We expect adoption of structure-based virtual screening to continue as companies like Schrödinger and others lower the barriers of running high-quality screens. Experimental methods will likely continue to play an important role, especially for targets without available structures.
SBVS will always have a place in drug discovery. The key reason for this is that such approaches provide a microscopic view of the systems of interest and their results are interpretable. The same is true for ligand-based virtual screening algorithms, especially the ones that include 3D conformational information of the ligands.
What strategies do you recommend for tackling difficult or undrugged targets that lack high-quality structural data?
At the moment, structure-based modeling for these types of targets is inherently more difficult than those with ligand structures. We would recommend using a diversity of methods for generating starting structures, including homology models and various co-folding methods, varying parameters to generate many models. Finally, physics-based refinement of these models is critical for their use in predictive modeling. We’ve seen encouraging examples of IFD-MD refinement restoring good virtual screening performance to AlphaFold2 structures.
In the case of limited or a complete lack of structural data, homology modeling, AlphaFold2/AlphaFold3, Openfold, Boltz2, Rosetta or other AI structure prediction tools offer great alternatives. A good practice is to construct several models with different parameters and thoroughly study them before initiating a virtual screening campaign. Due to the underlying uncertainty of the predictions, the models should ideally be studied by MD simulations, or even AI generative methods like normalizing flows or diffusion maps.
What do you think remains the most under-appreciated challenge in structure-based virtual screening?
Despite technological breakthroughs, working with large libraries is still enormously complex and requires access to massive compute power. Even similarity searches on large databases require specialized cloud databases in order to be practical.
Additionally, capturing the full conformational landscape with the related free energies remains a difficult task, particularly for large biomolecules, which are the common targets in drug discovery. Despite the plethora of techniques for intelligent biasing or for ML generation of conformations, the accuracy of results is often hampered by the inaccuracies of the force fields used. Understanding the dynamical behavior and interpreting this behavior as a mode of action of a biomolecule is important, especially in a pharmaceutical context, not only for research purposes, but also during the development of a drug.
How should scientists outside of computational chemistry think about synthetic tractability when reviewing virtual screening hits?
Synthetic feasibility tools seem to be most reliable when they actually perform retrosynthesis. This is an area Schrödinger and many others are working on, but the existing solutions are far from perfect. Thankfully, in hit discovery, there are multiple suppliers of billion+ libraries with better than 80 percent success rate in synthesis.
In silico tools work quite well, but we often must resort to alternatives, e.g. identification of close analogs, in the cases where a molecule is not synthetically tractable.
Looking ahead, what’s one trend or technology you’re keeping a close eye on that could reshape hit discovery in the next 3–5 years?

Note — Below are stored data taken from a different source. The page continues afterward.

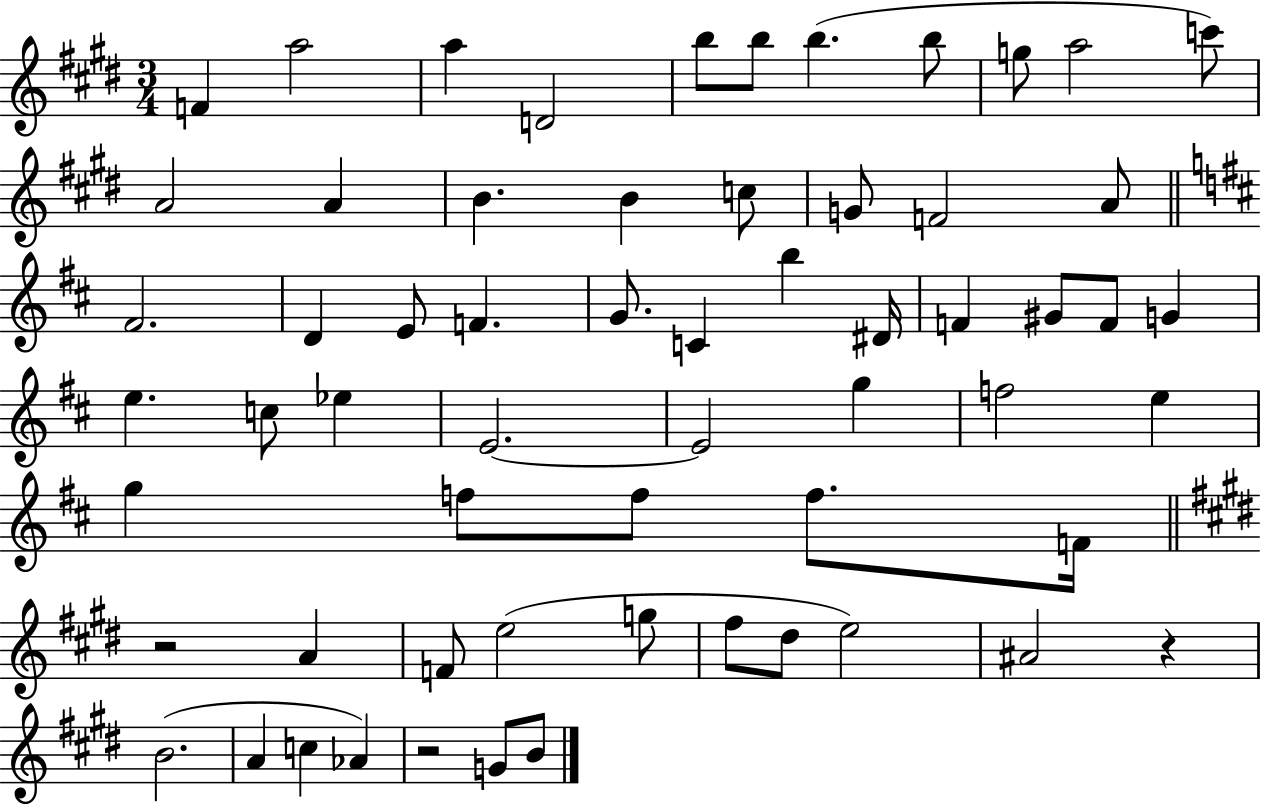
X:1
T:Untitled
M:3/4
L:1/4
K:E
F a2 a D2 b/2 b/2 b b/2 g/2 a2 c'/2 A2 A B B c/2 G/2 F2 A/2 ^F2 D E/2 F G/2 C b ^D/4 F ^G/2 F/2 G e c/2 _e E2 E2 g f2 e g f/2 f/2 f/2 F/4 z2 A F/2 e2 g/2 ^f/2 ^d/2 e2 ^A2 z B2 A c _A z2 G/2 B/2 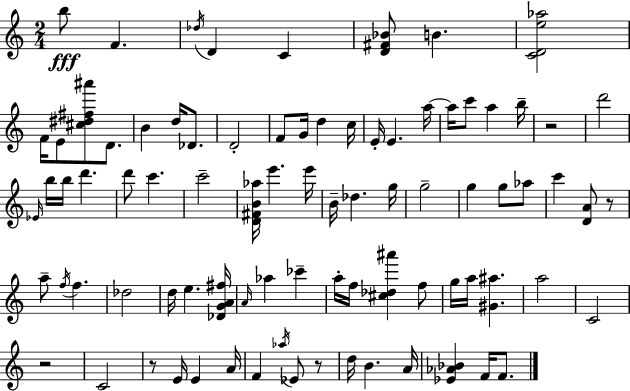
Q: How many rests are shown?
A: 5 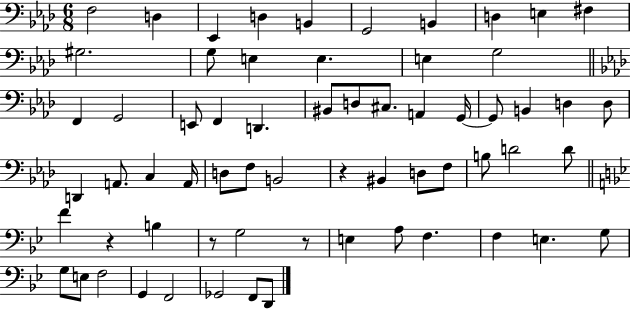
F3/h D3/q Eb2/q D3/q B2/q G2/h B2/q D3/q E3/q F#3/q G#3/h. G3/e E3/q E3/q. E3/q G3/h F2/q G2/h E2/e F2/q D2/q. BIS2/e D3/e C#3/e. A2/q G2/s G2/e B2/q D3/q D3/e D2/q A2/e. C3/q A2/s D3/e F3/e B2/h R/q BIS2/q D3/e F3/e B3/e D4/h D4/e F4/q R/q B3/q R/e G3/h R/e E3/q A3/e F3/q. F3/q E3/q. G3/e G3/e E3/e F3/h G2/q F2/h Gb2/h F2/e D2/e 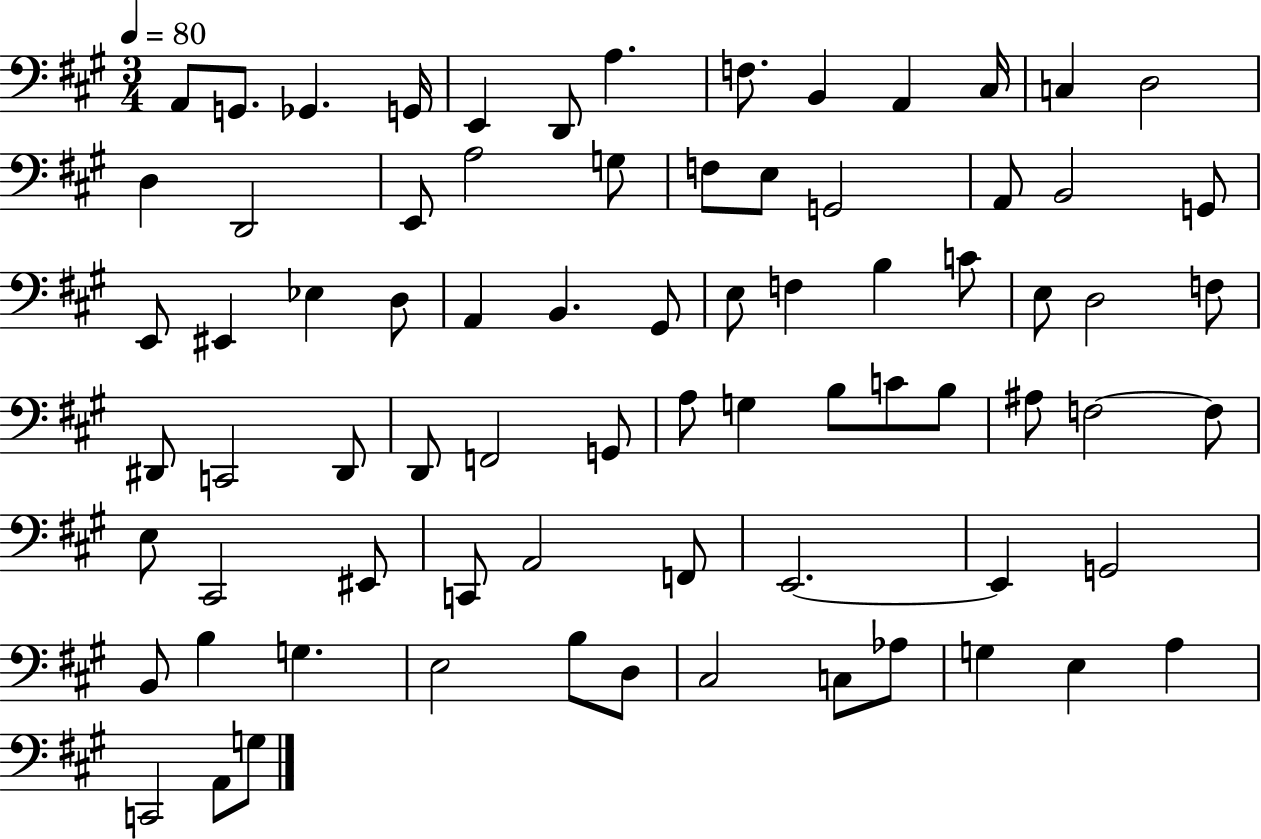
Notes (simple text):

A2/e G2/e. Gb2/q. G2/s E2/q D2/e A3/q. F3/e. B2/q A2/q C#3/s C3/q D3/h D3/q D2/h E2/e A3/h G3/e F3/e E3/e G2/h A2/e B2/h G2/e E2/e EIS2/q Eb3/q D3/e A2/q B2/q. G#2/e E3/e F3/q B3/q C4/e E3/e D3/h F3/e D#2/e C2/h D#2/e D2/e F2/h G2/e A3/e G3/q B3/e C4/e B3/e A#3/e F3/h F3/e E3/e C#2/h EIS2/e C2/e A2/h F2/e E2/h. E2/q G2/h B2/e B3/q G3/q. E3/h B3/e D3/e C#3/h C3/e Ab3/e G3/q E3/q A3/q C2/h A2/e G3/e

We are closely tracking new developments in the area of protein structure prediction that can more accurately represent the conformational ensemble of target proteins. Currently, the most interesting technique in this area leverages a combination of physics and ML approaches.
We’re also excited about the use of large language models for proteins and RNA applied to different tasks, as well as serving as agents for project decision making.